Process: Shifting the Shells

The Shell/Shield show is up, and opens tomorrow. My inner landscape is shifting towards the next project: the as-yet untitled show at Zendo Coffee (thank you, Pilar!). I have three larger projects planned for this show: the Wall Fungus, Coleoptera, and the Kalachakra. 

The Wall Fungus piece I developed last winter, using paperclay semi-circles. This piece is complete, I believe, from production (I’ve got 45 Fungi) through mounting system (right-angle hooks screwed into the abundant and already extant anchors on Zendo’s gorgeous brick walls) and mounting strategy (a swarm). 

Coleoptera is a collection of the Shells I’ve been making over the past two months. The piece is designed as a kind of anthropological, taxonomical display of these objects as specimens; as a collection of once-living organisms, now arranged for view. In production terms, I’ve got more than enough Shells; all are through armature and plaster stages, and most are well-finished in acrylic. I have a lingering question about the paint scheme to resolve, and I’m quite close as far as the taxonomic arrangement is concerned.

The Kalachakra is thus far a group of overlapping ideas about a large, empty wall-mounted sculpture of a ring, or circle; a series of repeated gestures/objects that form an astrological calendar, a symbol of the endless turning of embodied time, a teaching on awareness and its pitfalls. I would like viewers to have those references as they sit with the piece, but I’m unsure about the name. And many other things. 

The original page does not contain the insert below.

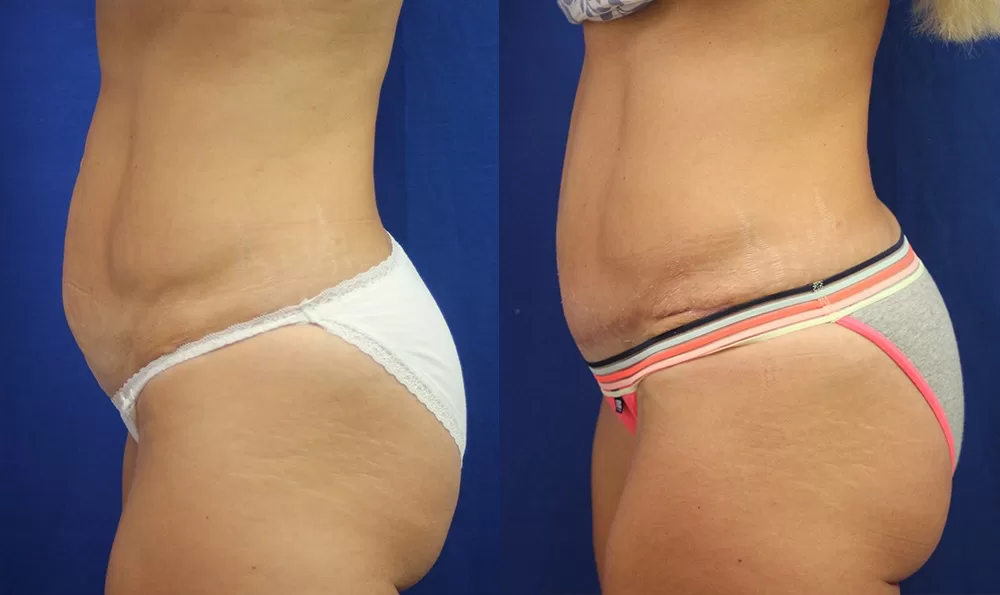 Patient 8c tummy tuck before and after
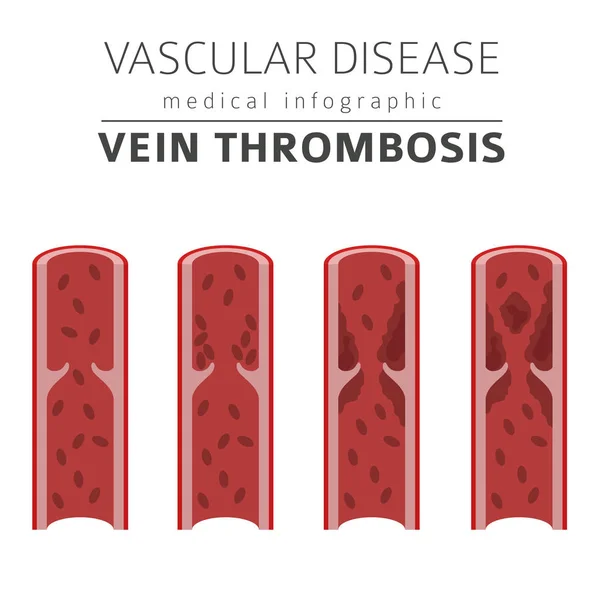 Enfermedades Vasculares Síntomas Trombosis Venosa Conjunto Iconos Tratamiento Diseño Infografía — Vector de stock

Mucking about with extant materials, half-finished Shell forms, and my first exploration of a Circle, I found myself looking for textural and tonal contrasts. It felt liberating to stuff things in the apertures of the Shells that have so often seemed like mouths, and to see that in relationship to new and contrasting materials, the “mouth” can become more of a kind of organic plumbing–a valve, a bone’s foramen.  

The search for contrasts seems like a potent motivator for me. Interesting.